Our writer explains why he believes the Vodafone share price significantly undervalues the telecoms giant, before considering why others disagree.

| More on:

The content of this article was relevant at the time of publishing. Circumstances change continuously and caution should therefore be exercised when relying upon any content contained within this article.

Emma Raducanu for Vodafone billboard animation at Piccadilly Circus, London

Image source: Vodafone Group plc

You’re reading a free article with opinions that may differ from The Motley Fool’s Premium Investing Services. Become a Motley Fool member today to get instant access to our top analyst recommendations, in-depth research, investing resources, and more. Learn More.

The Vodafone (LSE:VOD) share price appears to be stuck.
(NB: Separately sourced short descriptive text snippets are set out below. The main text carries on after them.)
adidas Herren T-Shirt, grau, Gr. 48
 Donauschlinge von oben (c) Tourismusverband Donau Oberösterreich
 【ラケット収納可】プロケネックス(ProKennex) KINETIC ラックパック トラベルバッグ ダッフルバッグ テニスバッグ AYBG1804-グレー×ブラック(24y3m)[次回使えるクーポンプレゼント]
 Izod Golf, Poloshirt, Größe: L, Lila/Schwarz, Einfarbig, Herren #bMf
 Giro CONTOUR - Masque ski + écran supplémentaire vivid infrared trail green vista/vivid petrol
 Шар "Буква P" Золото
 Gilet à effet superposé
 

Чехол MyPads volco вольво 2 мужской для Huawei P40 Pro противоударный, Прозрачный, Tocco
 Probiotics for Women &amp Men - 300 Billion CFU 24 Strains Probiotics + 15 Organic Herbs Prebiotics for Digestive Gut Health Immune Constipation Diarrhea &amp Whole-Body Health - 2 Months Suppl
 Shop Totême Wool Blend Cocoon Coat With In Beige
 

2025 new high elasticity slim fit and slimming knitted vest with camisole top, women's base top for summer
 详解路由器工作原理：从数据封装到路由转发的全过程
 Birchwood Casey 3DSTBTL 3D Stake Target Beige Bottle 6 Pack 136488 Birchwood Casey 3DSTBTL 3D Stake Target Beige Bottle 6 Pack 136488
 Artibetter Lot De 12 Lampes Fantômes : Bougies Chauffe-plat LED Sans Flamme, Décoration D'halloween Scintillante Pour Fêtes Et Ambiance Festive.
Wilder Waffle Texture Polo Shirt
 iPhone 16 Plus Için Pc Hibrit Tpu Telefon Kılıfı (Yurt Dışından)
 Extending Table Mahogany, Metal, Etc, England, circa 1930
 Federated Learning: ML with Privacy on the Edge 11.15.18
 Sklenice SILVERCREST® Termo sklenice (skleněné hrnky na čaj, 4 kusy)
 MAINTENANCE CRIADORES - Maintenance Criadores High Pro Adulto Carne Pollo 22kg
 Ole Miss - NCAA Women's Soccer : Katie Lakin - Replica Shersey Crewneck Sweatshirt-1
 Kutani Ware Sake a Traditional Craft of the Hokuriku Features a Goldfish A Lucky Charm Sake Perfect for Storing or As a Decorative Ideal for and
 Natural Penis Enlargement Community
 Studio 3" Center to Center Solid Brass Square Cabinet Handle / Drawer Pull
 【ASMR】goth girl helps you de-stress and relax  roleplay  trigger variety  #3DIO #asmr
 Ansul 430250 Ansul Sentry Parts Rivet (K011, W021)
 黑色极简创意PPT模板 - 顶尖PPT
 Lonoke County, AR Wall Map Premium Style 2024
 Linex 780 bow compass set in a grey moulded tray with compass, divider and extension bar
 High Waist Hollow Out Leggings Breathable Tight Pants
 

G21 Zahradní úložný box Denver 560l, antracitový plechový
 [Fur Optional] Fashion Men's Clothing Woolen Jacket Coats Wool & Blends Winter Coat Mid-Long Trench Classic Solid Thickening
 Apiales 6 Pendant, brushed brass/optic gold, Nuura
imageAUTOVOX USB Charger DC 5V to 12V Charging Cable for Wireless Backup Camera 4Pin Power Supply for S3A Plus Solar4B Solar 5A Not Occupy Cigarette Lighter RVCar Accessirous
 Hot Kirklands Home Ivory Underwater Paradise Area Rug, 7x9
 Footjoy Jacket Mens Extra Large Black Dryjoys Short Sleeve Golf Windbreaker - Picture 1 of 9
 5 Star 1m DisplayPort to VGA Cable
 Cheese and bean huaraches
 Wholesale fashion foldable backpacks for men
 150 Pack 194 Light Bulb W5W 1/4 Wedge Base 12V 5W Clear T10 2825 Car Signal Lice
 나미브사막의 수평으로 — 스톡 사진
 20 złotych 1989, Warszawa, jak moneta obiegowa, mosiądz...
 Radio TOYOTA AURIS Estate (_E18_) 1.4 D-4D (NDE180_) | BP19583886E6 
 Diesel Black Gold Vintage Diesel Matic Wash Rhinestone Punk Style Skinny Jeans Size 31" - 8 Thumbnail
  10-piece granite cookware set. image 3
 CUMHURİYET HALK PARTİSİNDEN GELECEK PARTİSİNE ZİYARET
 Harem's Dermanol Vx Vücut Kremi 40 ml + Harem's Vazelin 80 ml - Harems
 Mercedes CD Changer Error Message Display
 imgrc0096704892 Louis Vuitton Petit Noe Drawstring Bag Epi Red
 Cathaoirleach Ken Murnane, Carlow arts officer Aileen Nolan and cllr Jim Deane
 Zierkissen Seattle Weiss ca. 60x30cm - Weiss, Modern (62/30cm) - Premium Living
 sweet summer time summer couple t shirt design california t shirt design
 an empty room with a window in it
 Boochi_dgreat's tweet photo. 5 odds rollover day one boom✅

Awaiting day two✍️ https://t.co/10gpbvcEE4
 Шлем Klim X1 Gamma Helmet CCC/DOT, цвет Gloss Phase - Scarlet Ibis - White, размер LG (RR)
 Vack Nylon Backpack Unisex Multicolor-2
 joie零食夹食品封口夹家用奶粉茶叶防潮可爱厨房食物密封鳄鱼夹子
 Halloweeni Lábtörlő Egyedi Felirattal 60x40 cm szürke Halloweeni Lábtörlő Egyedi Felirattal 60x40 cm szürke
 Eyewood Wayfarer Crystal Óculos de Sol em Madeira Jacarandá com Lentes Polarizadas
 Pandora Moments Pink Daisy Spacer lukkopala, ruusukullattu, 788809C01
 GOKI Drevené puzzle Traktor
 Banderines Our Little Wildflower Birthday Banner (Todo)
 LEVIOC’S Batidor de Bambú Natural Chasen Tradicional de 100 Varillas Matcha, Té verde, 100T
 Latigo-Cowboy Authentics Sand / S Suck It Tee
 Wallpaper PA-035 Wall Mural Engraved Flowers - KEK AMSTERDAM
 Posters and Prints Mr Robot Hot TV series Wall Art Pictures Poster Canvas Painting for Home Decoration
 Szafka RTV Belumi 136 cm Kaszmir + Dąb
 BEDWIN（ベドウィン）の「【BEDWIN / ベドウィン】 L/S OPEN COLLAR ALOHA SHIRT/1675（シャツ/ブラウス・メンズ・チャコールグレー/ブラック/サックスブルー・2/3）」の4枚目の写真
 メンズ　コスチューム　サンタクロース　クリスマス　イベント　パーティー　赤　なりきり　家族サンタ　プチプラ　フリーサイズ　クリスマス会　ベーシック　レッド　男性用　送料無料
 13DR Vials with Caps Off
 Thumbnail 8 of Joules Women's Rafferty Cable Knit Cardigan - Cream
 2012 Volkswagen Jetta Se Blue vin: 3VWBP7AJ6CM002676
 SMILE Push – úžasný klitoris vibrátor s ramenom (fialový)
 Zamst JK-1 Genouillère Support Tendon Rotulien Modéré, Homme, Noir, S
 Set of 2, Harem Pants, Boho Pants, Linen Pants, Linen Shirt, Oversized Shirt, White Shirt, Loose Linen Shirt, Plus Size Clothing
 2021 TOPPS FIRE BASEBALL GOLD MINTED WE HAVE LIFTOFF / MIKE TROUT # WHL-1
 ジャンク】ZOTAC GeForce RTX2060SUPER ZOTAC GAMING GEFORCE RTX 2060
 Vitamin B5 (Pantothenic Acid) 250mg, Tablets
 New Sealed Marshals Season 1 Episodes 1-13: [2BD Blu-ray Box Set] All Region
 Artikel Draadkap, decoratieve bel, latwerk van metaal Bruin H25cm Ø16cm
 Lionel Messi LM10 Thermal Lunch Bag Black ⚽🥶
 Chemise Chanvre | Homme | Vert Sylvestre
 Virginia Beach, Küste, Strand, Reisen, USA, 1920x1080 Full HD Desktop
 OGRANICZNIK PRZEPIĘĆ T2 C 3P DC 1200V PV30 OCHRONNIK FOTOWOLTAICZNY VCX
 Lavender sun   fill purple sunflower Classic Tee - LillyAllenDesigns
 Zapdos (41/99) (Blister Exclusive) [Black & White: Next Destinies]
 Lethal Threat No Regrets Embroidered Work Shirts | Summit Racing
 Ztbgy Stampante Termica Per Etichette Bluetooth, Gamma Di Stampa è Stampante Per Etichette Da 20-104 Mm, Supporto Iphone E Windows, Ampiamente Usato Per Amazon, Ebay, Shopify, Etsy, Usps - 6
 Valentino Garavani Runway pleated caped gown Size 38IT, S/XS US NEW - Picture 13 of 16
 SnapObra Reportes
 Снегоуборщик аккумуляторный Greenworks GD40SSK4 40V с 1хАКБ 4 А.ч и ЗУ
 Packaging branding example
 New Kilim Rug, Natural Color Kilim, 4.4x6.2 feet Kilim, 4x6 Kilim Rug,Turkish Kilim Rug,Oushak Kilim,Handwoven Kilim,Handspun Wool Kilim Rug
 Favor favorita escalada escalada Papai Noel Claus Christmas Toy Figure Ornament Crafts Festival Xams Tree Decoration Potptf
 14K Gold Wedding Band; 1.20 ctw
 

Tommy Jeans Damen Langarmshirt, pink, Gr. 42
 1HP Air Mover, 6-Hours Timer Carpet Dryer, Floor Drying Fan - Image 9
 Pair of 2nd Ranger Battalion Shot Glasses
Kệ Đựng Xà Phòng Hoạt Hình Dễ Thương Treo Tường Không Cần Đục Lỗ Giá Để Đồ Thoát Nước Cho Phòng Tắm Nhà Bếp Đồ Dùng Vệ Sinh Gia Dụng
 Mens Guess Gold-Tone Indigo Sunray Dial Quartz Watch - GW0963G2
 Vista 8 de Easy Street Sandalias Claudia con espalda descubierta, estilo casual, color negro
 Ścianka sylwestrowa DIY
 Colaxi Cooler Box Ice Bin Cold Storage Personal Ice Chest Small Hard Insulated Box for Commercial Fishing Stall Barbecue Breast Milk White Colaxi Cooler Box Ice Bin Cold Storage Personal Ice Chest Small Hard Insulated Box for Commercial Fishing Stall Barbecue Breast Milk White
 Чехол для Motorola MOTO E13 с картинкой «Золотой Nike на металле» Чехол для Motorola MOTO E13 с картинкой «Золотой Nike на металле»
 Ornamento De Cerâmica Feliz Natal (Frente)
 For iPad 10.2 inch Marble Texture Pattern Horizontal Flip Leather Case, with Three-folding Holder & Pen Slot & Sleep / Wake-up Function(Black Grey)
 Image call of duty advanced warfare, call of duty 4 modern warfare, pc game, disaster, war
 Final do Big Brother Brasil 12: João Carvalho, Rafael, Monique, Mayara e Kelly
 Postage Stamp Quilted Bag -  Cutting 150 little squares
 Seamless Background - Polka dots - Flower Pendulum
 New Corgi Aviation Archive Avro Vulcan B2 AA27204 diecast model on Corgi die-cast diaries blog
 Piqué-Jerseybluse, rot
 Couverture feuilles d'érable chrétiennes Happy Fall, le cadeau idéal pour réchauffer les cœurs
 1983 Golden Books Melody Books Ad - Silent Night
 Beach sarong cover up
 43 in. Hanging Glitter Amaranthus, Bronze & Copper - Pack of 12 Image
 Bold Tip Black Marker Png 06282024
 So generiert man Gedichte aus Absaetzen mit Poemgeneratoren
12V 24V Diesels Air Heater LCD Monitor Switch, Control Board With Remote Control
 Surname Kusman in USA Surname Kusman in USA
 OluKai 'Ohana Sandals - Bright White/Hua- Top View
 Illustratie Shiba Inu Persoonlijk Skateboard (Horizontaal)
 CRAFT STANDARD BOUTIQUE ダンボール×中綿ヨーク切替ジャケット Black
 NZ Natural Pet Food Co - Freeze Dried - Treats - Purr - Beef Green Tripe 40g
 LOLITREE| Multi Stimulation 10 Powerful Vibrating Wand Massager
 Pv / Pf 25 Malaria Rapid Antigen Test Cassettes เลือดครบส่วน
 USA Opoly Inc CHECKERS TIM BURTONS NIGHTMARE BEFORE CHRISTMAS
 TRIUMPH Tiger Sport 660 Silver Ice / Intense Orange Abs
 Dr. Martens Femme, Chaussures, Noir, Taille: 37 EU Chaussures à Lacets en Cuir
The last time it was above 75p was in November 2023. Since May 2019, it’s fallen by 44%.

The decline is due to stagnant revenues and falling earnings. But against this disappointing backdrop, here’s why I still believe the company is hugely undervalued.

Ringing the changes

To try and improve its return on capital employed (ROCE), Vodafone has been exiting various markets. 

It’s already sold its interests in Ghana and Hungary. And it disposed of its share of Vantage Towers, a European infrastructure business. And more recently, it’s successfully negotiated deals to offload its Spanish and Italian divisions.

To help investors understand the implications, the company has reissued its results for the year ended 31 March 2023 (FY23) and six months ended 30 September 2023 (H1 24), excluding these discontinued operations.

They show EBITDAaL (earnings before interest, tax, depreciation and amortisation, after leases) of €12.4bn in FY23, and €5.4bn, for H1 24. Vodafone isn’t a seasonal business so I’m going to double its H1 24 result to assume earnings for FY24 of €10.8bn.

To come up with a possible valuation it’s necessary to apply a multiple to this estimate of earnings. The best way to do this is to use figures from actual deals.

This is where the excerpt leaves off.